# MDB (Access) konvertieren zun MDF (SQL-Server)



## Perlmann (7. Juni 2006)

Guten Tag zusammen,

Eine Access-MDB-Datenbank soll (endlich) auf SQL-Server umgestellt werden. Zur Verfügung steht SSE (SQL-Server-Express) also ohne DTS. 
Zwar kann im SQL-Server-Management von Express via "attach" eine MDF-DB eingebunden werden, aber eben nur MDF und nicht MDB.

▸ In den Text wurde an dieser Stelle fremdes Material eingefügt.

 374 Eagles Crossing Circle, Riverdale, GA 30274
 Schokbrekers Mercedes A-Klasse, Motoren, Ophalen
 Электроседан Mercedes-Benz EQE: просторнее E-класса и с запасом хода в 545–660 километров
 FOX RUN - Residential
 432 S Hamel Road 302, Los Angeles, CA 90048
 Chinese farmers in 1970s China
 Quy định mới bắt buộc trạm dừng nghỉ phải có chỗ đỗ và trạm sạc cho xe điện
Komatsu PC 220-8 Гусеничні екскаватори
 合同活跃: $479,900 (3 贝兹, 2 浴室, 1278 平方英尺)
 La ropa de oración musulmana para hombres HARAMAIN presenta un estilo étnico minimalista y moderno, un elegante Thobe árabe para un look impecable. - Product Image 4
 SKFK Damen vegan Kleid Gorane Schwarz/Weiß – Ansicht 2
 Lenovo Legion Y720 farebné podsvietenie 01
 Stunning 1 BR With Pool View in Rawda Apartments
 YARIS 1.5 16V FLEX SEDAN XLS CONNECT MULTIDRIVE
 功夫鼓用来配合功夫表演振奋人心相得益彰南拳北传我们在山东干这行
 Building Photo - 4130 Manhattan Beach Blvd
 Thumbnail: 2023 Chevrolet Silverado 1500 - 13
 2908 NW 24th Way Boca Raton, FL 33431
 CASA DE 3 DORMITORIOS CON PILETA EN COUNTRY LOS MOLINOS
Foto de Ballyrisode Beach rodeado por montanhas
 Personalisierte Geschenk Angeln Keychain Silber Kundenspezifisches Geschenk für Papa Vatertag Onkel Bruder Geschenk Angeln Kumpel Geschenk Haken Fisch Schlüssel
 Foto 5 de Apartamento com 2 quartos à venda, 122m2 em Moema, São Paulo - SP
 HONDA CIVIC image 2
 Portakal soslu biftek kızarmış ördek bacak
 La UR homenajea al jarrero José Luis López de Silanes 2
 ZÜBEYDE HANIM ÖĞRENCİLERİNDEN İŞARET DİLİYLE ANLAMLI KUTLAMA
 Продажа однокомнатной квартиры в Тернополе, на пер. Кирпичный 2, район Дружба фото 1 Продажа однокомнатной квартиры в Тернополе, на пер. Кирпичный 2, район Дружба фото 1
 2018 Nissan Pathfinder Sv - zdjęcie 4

Kennt jemand eine Methode oder ein Tool mit dem MDB zu MDF konvertiert werden kann?

Besten Dank
Phil


----------



## Neo_der_Hacker (7. Juni 2006)

Hallo,

mach es doch einfacher und lad Dir die MSSQL-Eval Software. Da ist alles dabei und im Enterprise Manager kannst alles ganz easy importieren. Bis auf Abfragen, die musste in Sichten und "Gespeicherte Prozeduren" umwandeln (neu kreieren).

Neo


----------



## Perlmann (9. Juni 2006)

Hallo
und herzlichen Dank für die Antwort.
MSSQL-EVAL? Da muss ich mal recherchieren. Gehört die SW zu SQL-Server2000?
Ist die SW als Download verfügbar?
beste Grüße
Phil


----------